Perfect. Okay. That does it for me. Congratulations on the improved quarter.

Charle Gamba

Thanks, Josef.

Operator

[Operator Instructions] While we wait, I’d like to turn the call back over to Carolina Orozco for some web questions.

Carolina Orozco

We have one question from Ricardo Sandoval from Bancolombia. Can you explain how did you accomplish a reduction of 27% in operating costs? Can we expect the margins like for 2023 for the whole year?

Jason Bednar

Yes, I think I partially answered that. I mean, our operating expenses as a quantum, are relatively low. This quarter, it was $5 million which equaled the $0.25. So even an additional $1 million of maintenance activities which would have being in the original budget would bring that $0.25 up to the $0.30. So as I think I already stated earlier, we do expect to catch up on those maintenance activities, whether they occur in Q2 or Q3 with those quarters having higher than the annual budget of $0.32. But overall, as a whole, our look through till the end of the year, we still believe the year will average approximately $0.32 of OpEx.

Carolina Orozco

Thanks, Jason. We have another question from Sergey Bolshakov. Which one is your expectation of net sales according to the dry climate is coming in Colombia? Do you keep expecting to make investments outside Colombia according to the new political risk? And how are they going, especially in Bolivia or other locations?

Charle Gamba

Okay. I think I covered our expectations with respect to El Nino and the increase we expect in volumes and interruptible pricing question with Josef. With respect to our activities outside of Colombia, we continue to negotiate several exploration and production contracts in Bolivia. We expect that process to conclude shortly, at which time we’ll be making a decision with respect to proceeding in that in Bolivia. And that, of course, would be gas as well.

Jason Bednar

Yes, Carolina, I’ll just note here also the numbers that I gave out with respect to net debt at the end of the year and net leverage ratios at the end of the year were based on — there is 0 upside put into those numbers with respect to El Nino. Those are simply just based on our actual quarter-to-date and the remainder of the year averaging that 206 million [ph] number.

Operator

Our next question is from Nikos Monoyios with Ingalls & Snyder.

Nikos Monoyios

I have some more exploration related questions. The Dividivi-1 well, what was the drilling cost? And what are the potential development cost for the options you are considering the pipeline connection or CNG plant? And also, could you give us an update on the status of the Chimela-1 well that you drilled back in January and Natilla well — Natilla-1 well?

Charle Gamba

With respect to Dividivi, that was a very shallow well, 5,600 feet vertical depth. I believe the final drilling collision cost came in at about $3 million because it’s quite shallow for us. With that particular discovery, we’re looking at a plan. In that area, we are unable to shoot seismic, 3D seismic. It’s a fairly wet area. So the first thing we’re going to do later this month is commence a very long-term production test of the zone, the Cicuco limestone we encountered to see what the potential reserves might be associated with that long-term production test can give us some idea. Upon the completion of that long-term production test, we will formulate a commercialization plan which has 2 options: either tie it into the TGI pipeline, 35 kilometers to the east, if it’s sufficiently large or to install a liquefication plant at Dividivi and sell liquefied natural gas to some of the surrounding population centers. One of the largest ones would be the city of Cucuta in the Venezuelan border which has a consumption of about 8 million to 9 million cubic feet per day of natural gas which is not connected to any pipeline system. So that consumers in Cucuta are using compressed natural gas at fairly high cost. So we should have a commercialization plan worked out for Dividivi after that long-term production test.

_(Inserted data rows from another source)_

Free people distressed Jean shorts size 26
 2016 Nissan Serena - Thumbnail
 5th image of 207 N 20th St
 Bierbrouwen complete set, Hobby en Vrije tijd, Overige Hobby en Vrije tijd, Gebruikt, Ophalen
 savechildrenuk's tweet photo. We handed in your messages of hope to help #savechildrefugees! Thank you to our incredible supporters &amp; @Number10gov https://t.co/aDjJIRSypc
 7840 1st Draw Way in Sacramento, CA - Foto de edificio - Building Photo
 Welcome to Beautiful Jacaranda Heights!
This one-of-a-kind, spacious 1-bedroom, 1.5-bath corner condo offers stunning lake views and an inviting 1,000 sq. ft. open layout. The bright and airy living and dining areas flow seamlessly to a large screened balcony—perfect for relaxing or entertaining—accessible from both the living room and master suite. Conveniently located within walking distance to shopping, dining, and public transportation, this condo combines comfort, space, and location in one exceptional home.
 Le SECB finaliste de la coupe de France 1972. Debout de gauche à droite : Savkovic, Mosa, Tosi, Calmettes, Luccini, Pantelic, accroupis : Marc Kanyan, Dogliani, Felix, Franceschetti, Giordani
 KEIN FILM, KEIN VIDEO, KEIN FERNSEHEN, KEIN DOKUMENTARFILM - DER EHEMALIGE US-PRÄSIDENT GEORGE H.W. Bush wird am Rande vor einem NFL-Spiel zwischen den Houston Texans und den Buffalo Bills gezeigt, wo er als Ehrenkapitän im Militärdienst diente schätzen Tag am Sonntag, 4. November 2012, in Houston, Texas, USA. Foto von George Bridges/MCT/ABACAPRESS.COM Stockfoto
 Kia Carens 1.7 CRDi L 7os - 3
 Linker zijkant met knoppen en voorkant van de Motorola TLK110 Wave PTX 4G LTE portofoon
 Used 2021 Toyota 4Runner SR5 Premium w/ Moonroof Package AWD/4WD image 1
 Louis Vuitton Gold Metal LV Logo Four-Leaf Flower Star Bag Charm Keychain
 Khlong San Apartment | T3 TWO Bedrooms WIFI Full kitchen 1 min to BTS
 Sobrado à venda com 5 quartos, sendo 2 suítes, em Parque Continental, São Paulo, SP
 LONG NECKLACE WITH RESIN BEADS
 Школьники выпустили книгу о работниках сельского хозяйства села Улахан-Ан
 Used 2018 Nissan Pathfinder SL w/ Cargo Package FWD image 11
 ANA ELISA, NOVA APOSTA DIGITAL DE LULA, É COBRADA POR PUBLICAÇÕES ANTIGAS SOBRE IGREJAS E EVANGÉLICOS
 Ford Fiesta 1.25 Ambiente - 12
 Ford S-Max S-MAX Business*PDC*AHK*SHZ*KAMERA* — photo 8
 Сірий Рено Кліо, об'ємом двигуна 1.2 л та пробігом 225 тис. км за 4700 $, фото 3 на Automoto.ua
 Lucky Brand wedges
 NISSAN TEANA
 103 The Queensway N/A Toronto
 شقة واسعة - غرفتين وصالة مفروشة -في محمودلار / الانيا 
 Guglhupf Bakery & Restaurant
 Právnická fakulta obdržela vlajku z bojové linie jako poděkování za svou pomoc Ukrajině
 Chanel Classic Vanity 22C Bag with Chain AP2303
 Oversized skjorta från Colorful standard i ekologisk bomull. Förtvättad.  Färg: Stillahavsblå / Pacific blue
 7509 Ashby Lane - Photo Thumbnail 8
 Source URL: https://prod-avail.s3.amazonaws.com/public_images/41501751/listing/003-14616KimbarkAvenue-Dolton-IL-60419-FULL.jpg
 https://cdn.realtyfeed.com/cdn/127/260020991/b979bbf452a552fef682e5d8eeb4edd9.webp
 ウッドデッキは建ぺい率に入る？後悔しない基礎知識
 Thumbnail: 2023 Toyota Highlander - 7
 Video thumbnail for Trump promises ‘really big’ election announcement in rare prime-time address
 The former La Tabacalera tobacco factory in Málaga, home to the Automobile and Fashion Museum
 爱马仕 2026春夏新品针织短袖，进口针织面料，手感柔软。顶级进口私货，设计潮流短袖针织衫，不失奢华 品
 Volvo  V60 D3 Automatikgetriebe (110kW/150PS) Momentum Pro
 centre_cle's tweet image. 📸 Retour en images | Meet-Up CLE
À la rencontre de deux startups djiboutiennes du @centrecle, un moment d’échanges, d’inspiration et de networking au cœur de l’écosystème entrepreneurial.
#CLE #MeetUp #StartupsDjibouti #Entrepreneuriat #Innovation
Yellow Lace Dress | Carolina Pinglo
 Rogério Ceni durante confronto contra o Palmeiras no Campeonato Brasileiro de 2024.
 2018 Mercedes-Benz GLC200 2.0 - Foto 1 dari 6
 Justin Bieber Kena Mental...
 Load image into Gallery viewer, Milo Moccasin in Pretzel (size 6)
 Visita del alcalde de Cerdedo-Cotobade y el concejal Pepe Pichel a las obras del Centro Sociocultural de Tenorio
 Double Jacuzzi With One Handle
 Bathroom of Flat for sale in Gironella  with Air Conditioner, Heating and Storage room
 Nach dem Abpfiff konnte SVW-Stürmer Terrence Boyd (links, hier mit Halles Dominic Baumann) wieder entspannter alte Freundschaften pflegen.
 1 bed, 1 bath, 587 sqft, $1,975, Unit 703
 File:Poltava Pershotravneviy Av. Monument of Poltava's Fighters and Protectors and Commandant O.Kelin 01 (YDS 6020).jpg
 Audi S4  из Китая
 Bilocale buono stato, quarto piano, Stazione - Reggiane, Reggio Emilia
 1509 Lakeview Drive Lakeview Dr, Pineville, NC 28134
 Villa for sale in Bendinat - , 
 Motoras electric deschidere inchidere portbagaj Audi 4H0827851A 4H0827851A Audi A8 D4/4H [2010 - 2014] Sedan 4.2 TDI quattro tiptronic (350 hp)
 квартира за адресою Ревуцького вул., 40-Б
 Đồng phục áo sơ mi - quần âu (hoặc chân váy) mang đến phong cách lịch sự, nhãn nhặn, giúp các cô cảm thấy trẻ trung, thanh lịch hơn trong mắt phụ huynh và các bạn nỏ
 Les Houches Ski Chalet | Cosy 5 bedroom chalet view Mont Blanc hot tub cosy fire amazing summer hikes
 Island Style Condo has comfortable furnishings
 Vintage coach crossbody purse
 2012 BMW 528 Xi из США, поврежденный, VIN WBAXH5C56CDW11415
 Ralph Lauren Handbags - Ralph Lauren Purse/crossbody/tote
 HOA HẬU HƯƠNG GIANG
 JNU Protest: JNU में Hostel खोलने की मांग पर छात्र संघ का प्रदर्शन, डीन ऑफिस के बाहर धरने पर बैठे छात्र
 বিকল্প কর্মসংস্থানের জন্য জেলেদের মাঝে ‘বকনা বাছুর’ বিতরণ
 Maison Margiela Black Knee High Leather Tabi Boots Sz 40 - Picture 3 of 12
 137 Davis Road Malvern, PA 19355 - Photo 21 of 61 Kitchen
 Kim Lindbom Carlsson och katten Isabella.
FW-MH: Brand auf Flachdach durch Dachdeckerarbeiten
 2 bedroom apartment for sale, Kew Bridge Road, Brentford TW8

With respect to Chimela, we plan to initiate production testing here at the end of this month. We’re testing several of the oil zones we encountered there. And if the test results are good, we will immediately commence temporary production of those wells and truck the oil to local transportation points. And with respect to Natilla, we do not have an update to provide at this point in time.

Nikos Monoyios

I see. One more follow-up on the Dividivi. What would be the minimum reserve size to justify a pipeline connection? Would we be looking at something at least a minimum of 50 Bcf to justify a pipeline connection?

Charle Gamba

Given the distance and the cost of the pipeline connection, probably 25 Bcf would be sufficient to construct a 6-inch flow line, 6-inch flowline which would be capable of transporting about 20 million to 25 million cubic feet per day. So that’s the transportation option via pipeline. The LNG option based on the production test that we currently have completed, the LNG option is commercial at this point in time.

Operator

The next question is from Chen Lin with Lin Asset Management.

Chen Lin

Charle, congratulations for the good quarter. I did — I probably missed a little bit. I think a lot of people were asking about El Nino I know we discussed that last time we were in Bogota. So the question is what — right now, you’re producing about 185 million cubic feet a day. So what’s the — like the actual maximum capacity you can provide in terms of El Nino? And I understand that right now, the 160 million is the contract price, the rest will be at the spot price. Is that correct?

Charle Gamba

That’s correct, Chen. So anything above 160 million is essentially offered a spot price. And the current productive capacity at the moment is about 240 million cubic feet per day. Lulo and Lulo-2 should boost that significantly.

Chen Lin

With Lulo already in term of this El Nino season, this [indiscernible] of the natural gas demand?

Charle Gamba

Lulo is already connected into the Jobo production facility. We’re flowing the well as we speak into the Jobo production facility.

Operator

At this point, I’d like to turn the call back over to Carolina Orozco.

Carolina Orozco

We have a question from [indiscernible]. Can you provide some update on the next option for new thermal capacity, if you can share the strategy and update on time line?

Charle Gamba

Yes. The UPME has initiated a new bid round for energy, both thermal and renewable. We are currently evaluating a couple of projects. With respect to that, those will both be thermal projects very similar to the Tesorito project. We’re currently partnered with Celsia and Proelectrica. With respect to the timing, that bid round bids will be due in mid-August currently. So we are working with a number of different parties to look at participating in that bid round with the objective of participating in at least 1 or 2 new power projects. And these projects would come online in 2026 or 2027.

Carolina Orozco

We have one more question from Till Moes from Schroders. In the light of your strong exploratory activity, if you were to keep the current pace, how many years of exploratory activity for your current portfolio of exploratory licenses left?

Charle Gamba

On our current 11 E&P licenses that we currently have under contract with the regulator, we’ve identified about 175 remaining exploration prospects that we could drill under the current contractual terms. So that’s probably at least 10 years of portfolio on the exploration side.

Carolina Orozco

With this, we don’t have any questions — any more questions. Thank you all for participating in Canacol’s first quarter conference call. We hope you all have a great day.

Operator

The conference has now concluded. Thank you for attending today’s presentation. You may now disconnect.